> _What you will do_
A single figure is wanted: the count of lines below containing the string "Ballet".

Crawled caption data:

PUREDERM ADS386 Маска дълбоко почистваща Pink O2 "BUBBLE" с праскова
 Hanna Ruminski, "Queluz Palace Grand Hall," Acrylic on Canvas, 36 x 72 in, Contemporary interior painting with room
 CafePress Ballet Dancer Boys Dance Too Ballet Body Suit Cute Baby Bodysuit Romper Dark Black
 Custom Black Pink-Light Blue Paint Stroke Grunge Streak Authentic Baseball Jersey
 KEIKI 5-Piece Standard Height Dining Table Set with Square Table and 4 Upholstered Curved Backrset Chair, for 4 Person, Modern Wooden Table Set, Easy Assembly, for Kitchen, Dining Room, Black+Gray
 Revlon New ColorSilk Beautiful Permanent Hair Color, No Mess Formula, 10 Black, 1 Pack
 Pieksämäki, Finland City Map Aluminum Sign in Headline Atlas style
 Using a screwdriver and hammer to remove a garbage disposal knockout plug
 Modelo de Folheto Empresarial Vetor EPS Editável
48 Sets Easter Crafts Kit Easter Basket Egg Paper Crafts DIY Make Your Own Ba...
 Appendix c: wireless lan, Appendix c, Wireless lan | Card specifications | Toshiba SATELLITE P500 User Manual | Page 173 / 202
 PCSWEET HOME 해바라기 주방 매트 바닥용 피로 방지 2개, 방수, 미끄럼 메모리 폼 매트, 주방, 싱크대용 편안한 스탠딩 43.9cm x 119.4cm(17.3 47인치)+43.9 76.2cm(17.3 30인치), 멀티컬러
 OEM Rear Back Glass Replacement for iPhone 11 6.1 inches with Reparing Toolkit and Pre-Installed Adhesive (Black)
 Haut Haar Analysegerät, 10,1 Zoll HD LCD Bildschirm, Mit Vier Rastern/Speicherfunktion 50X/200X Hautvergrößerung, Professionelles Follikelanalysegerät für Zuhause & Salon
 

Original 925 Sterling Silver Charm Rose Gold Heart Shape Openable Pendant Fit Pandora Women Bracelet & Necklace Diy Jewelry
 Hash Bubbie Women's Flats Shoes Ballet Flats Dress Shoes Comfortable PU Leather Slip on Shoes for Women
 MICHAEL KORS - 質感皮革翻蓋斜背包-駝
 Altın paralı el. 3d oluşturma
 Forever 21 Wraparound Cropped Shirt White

> _Output of the exercise_
2